*** Block opens ***
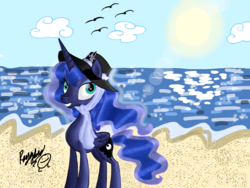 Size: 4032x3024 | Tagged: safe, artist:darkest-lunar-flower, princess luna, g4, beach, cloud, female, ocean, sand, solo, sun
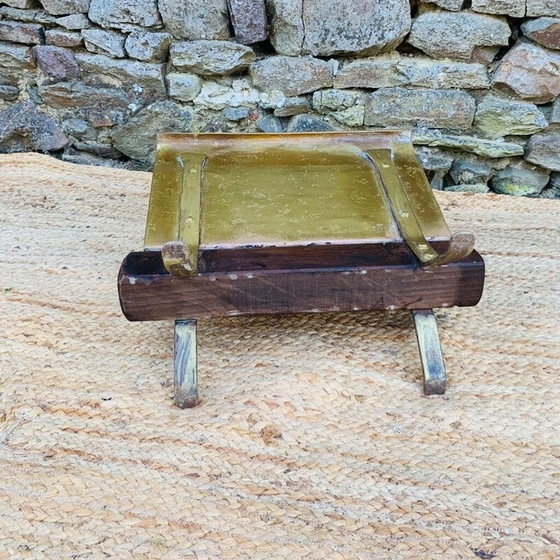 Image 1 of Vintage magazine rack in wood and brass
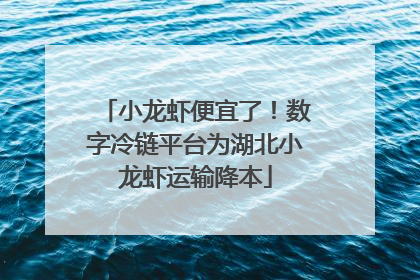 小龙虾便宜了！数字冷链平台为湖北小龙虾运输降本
*** Block closes ***
*** Block opens ***
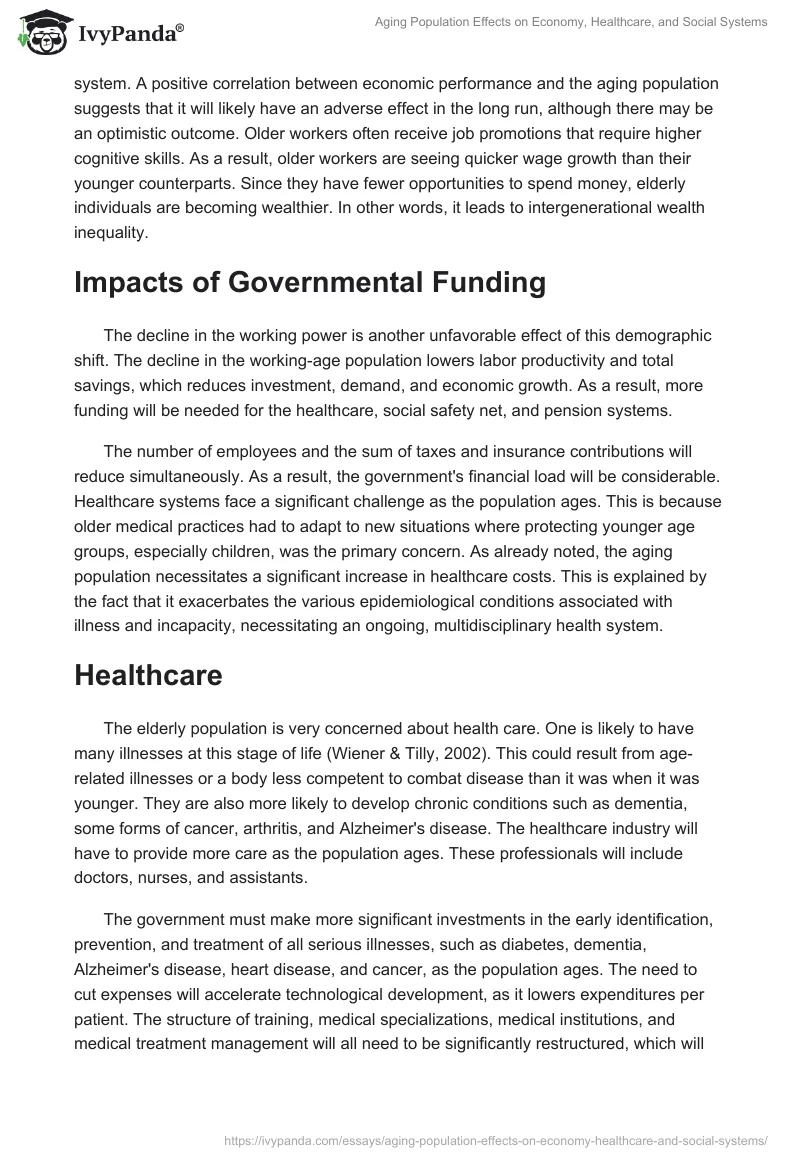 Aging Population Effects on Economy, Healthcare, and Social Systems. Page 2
*** Block closes ***
→ **The task**
Beginning with the line that contains "Size: 4032x3024 |" and ending with the line that contains "小龙虾便宜了！数字冷链平台为湖北小龙虾运输降本", reproduce the listing exactly, pictures excluded.

→ **Your solution**
 Size: 4032x3024 | Tagged: safe, artist:darkest-lunar-flower, princess luna, g4, beach, cloud, female, ocean, sand, solo, sun
 Image 1 of Vintage magazine rack in wood and brass
 小龙虾便宜了！数字冷链平台为湖北小龙虾运输降本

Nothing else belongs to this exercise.